Photo courtesy Marc Serota/Mattel
“We play ‘Barbie, Ken, Sparkle,’” she said. She explained this was a game where kids flex their muscles when she says, “Ken,” strike any pose they like when she says, “Barbie,” and make spirit fingers when she says “Sparkle.” I struggled not to laugh; Melanie smiled and asked Leila how she could apply to work at Barbie’s Dream House. She then followed Leila to the Glitterizer, a massive life-size doll box.
“What’s this for?” I asked as I stepped inside the Gitterizer.
“Barbie steps in every morning to glitterize,” replied Leila. Oh. I opened the box and walked in with Melanie, expecting glitter to cover me but nothing happened.
“Where’s the glitter?” I asked.
“It’s a photo-op for the kids that visit,” Leila explained. Suddenly, it dawned on me that I had been lied to—visitors could take photos. Barbie’s publicist had just fooled me into not taking photos.

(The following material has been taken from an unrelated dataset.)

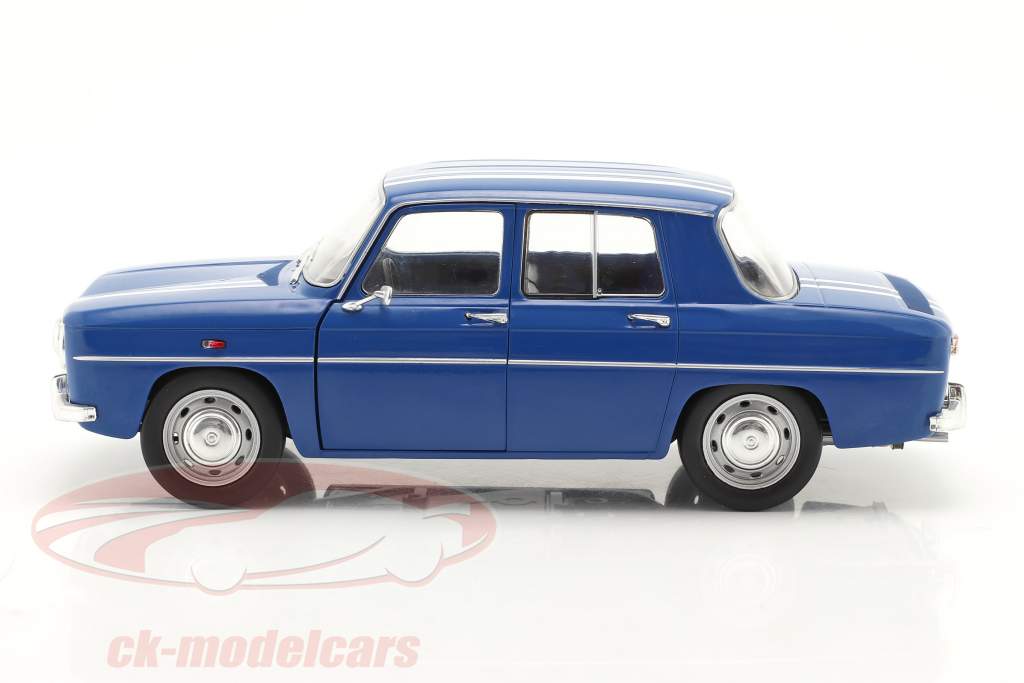 Renault 8 Gordini 1300 bouwjaar 1967 blauw 1:18 Solido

But Melanie didn’t notice this, or didn’t care. She followed Leila into Barbie’s bathroom, where Barbie’s pet dolphin Flippy stuck his head out of the toilet, and then her closet. I expected the closet to be a life-size replica of Mariah Carey’s closet as seen on Cribs, but with the exception of ballerina clothes that could only fit on a toddler (and are probably for sale at Toys R Us), the closet only had dolls and accessories. Barbie’s interior decorator had installed mirrors on the end of the two walls that made up the room to make the closet look never-ending—a metaphor, I thought, for how all this pink glamour was a corporate mirage.
Yet Melanie still bought into the shtick. She stood with Leila in front of a mirror playing an interactive game that fits imaginary clothes on your body, smiling as if their dream, not Mattel’s, had come true. I followed the girls into Barbie’s plane, a white room that smelled like a decade-old fart and had yet another flat screen and two fake plane windows painted on the wall.
On the screen, Barbie told us we were going to her entertainment island, a private property in the shape of a heart where Barbie takes care of her jobs. I thought this would mean the roughly 1,000 jobs Barbie had obtained after over 50 years of leaning in. The white wall opened onto a display of Barbie’s biggest accomplishments, including becoming a rock star (in 1986) and President of the United States (2000).
“What do the girls do here?” I asked Leila.
“This is where they learn to model!” She led us across the pink room to a black curtain, which she parted, revealing a group of six-year-old girls learning how to catwalk down a white stage. “The girls get to choose their own makeup,” she said, gesturing at another employee putting children’s makeup on her face in the mirror reserved for elementary school girls. Children’s makeup. This was more terrifying than the Haunted Mansion could ever hope to be. Leila turned away from the curtain and walked across the room to lead us to the exit through the gift shop.
I want to say that Barbie’s Dream House was a feminist inspiration, that behind the pink there was a core of inner beauty, but it was really just an interactive advertisement for internet videos and souvenirs, like an EDM fest for tween girls. It wasn’t even pop culture. It was just pop—a plastic pink promotion for a plastic doll that told girls they had to be plastic too.
Walking back to my mom’s BMW, Melanie wondered aloud why she had asked for a job application. “I would never work there,” she said. “What was I thinking? Those pink and blue lights were so dreamy. You know, they were just like pink strip club lights.”